ASSIGNMENT: Please retype the entries below word for word, passing over every picture.

------------------------------------

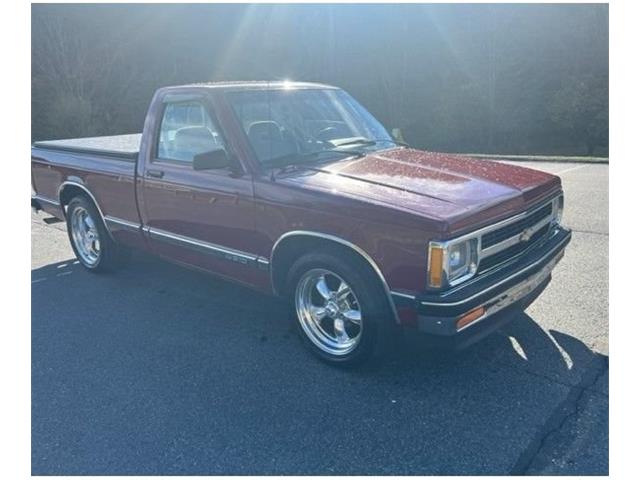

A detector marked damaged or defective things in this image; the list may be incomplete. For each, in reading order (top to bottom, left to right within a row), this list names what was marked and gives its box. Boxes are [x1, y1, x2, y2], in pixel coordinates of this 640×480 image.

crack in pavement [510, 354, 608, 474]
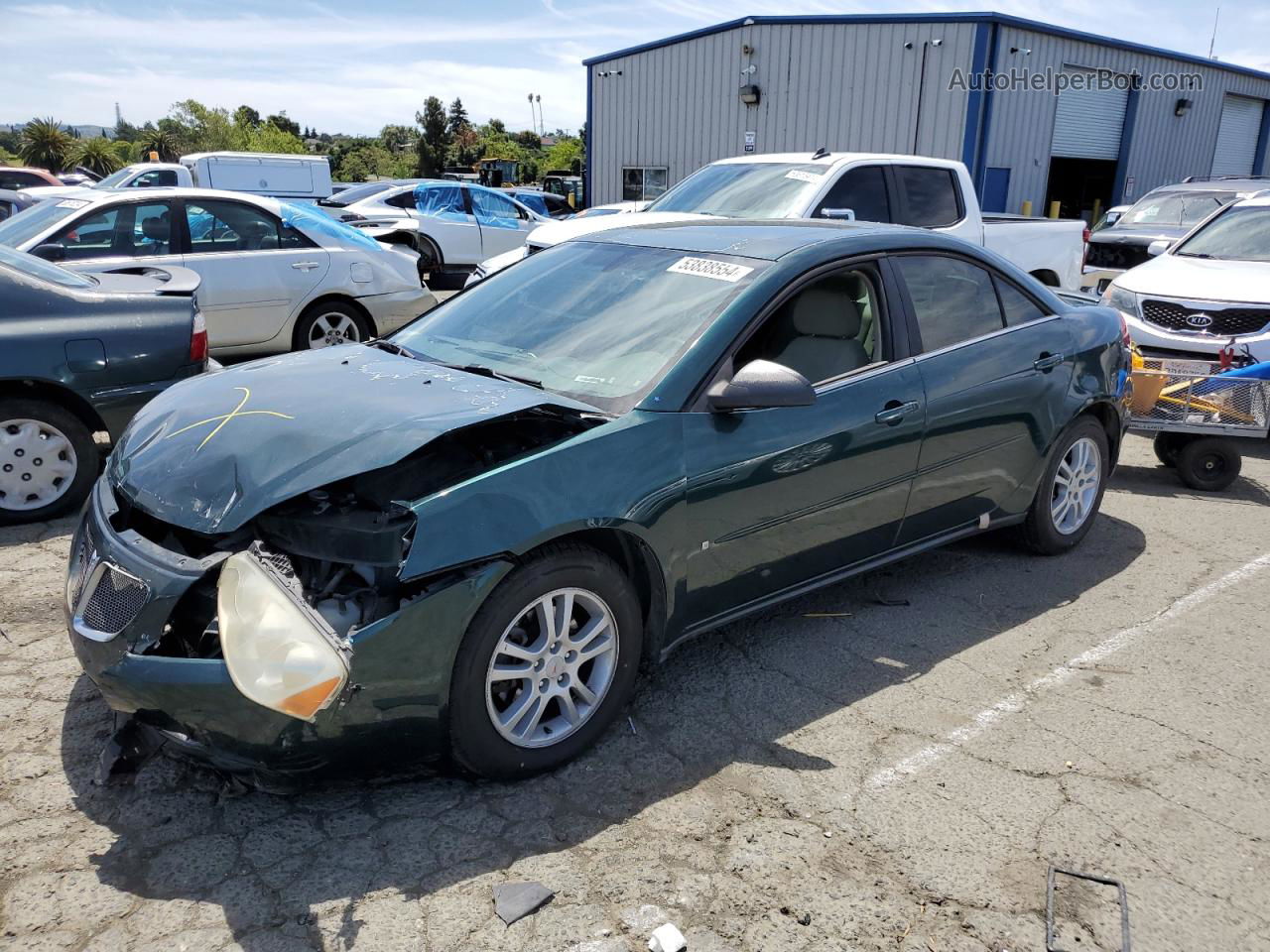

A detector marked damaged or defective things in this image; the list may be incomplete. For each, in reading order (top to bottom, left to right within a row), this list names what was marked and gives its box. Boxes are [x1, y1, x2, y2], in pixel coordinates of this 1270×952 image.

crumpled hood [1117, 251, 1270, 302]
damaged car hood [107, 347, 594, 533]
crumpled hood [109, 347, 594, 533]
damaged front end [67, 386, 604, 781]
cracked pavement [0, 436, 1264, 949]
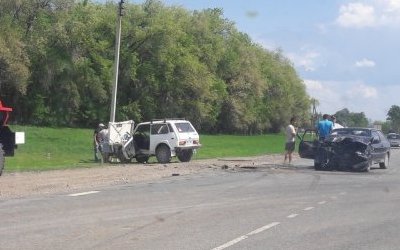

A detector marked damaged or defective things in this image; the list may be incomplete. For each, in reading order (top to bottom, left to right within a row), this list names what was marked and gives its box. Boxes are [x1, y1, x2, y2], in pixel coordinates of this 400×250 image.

------------------------------------

EXERCISE ANSWER:
A detector marked damaged or defective things in this image; the list may be incomplete. For each, in reading order (top to bottom, left to right within a row), this list names what was marked and gives its box. Boxes are [x1, y1, x2, y2], in pixel coordinates of this 640×480 image.

crack in pavement [510, 354, 608, 474]

A detector marked damaged or defective things in this image; the list may be incomplete. For each, in reading order (top to bottom, left to right within a row), this list names what was marked and gives its box. Boxes are [x1, y1, x2, y2], in pixel coordinates of this 1270×952 image.

crumpled hood [1117, 251, 1270, 302]
damaged car hood [107, 347, 594, 533]
crumpled hood [109, 347, 594, 533]
damaged front end [67, 386, 604, 781]
cracked pavement [0, 436, 1264, 949]

A detector marked damaged or defective things in this image; the list may be incomplete. For each, in reading order (top to bottom, left to right within a row), this list names what was marked and gives its box. Boxes are [x1, y1, x2, y2], in pixel coordinates of this 400×250 image.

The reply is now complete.